_Dataset section_
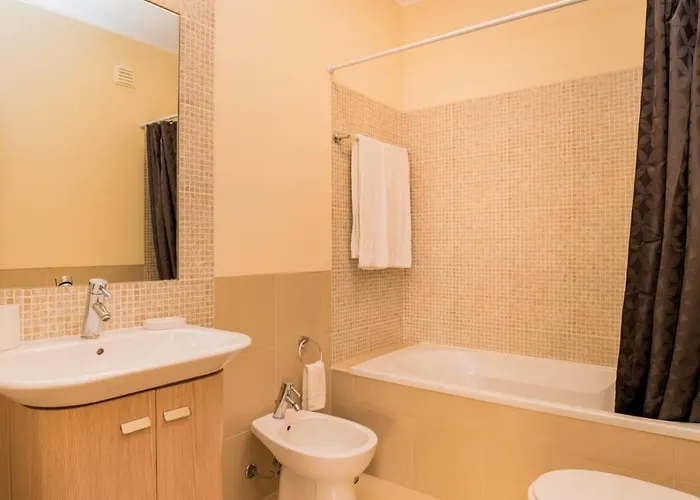 New !! Two Bedroom - Banda Musical Red 塔维拉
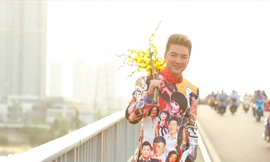 Đàm Vĩnh Hưng diện áo dài in hình Hoài Linh, Mỹ Tâm đi khắp 3 miền làm MV Tết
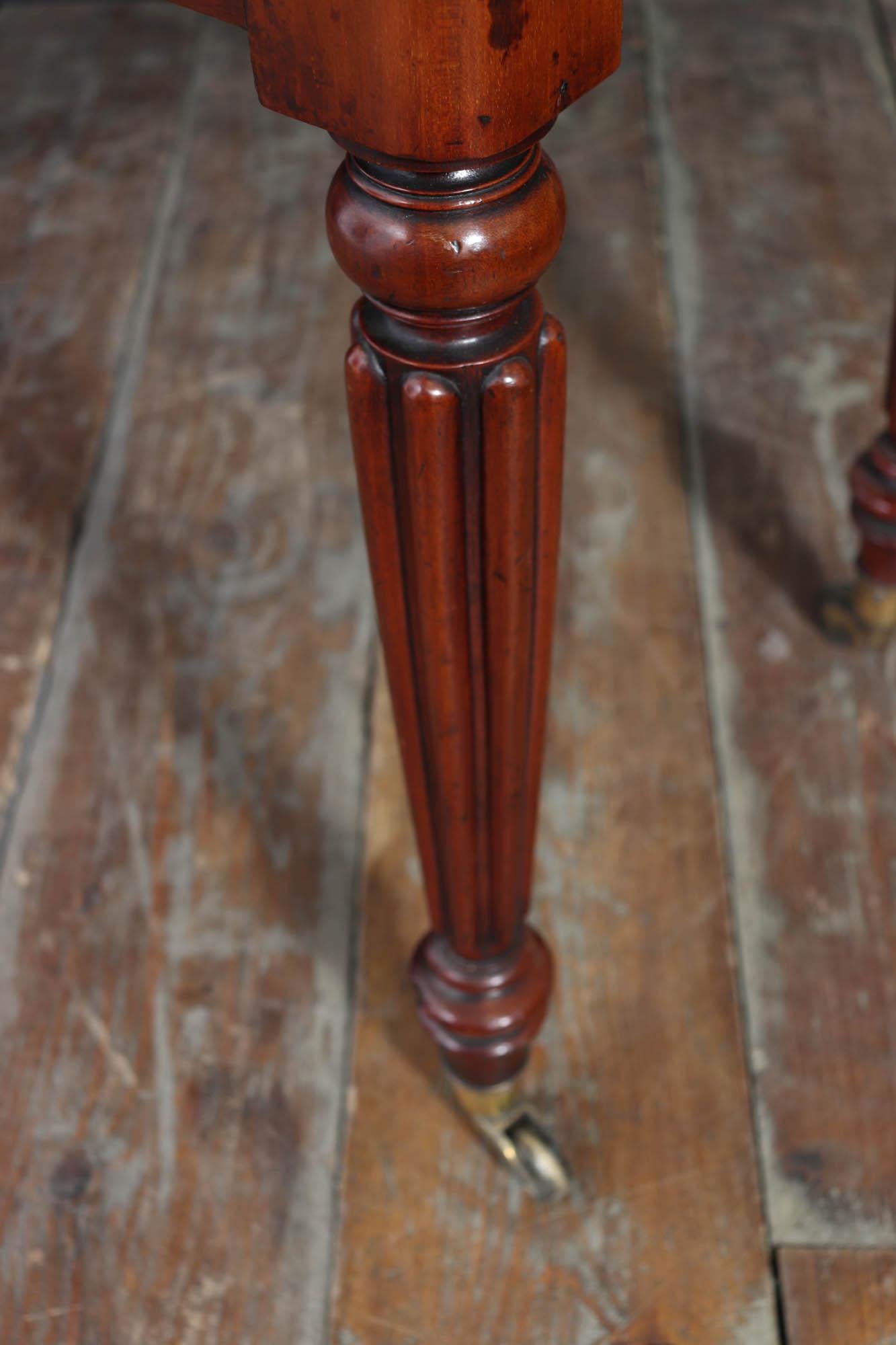 Antique Mahogany Side Table Circa 1860 im Angebot 5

_Exercise_
Copy out the lines above unchanged. Skip the images.

_Result of the exercise_
 New !! Two Bedroom - Banda Musical Red 塔维拉
 Đàm Vĩnh Hưng diện áo dài in hình Hoài Linh, Mỹ Tâm đi khắp 3 miền làm MV Tết
 Antique Mahogany Side Table Circa 1860 im Angebot 5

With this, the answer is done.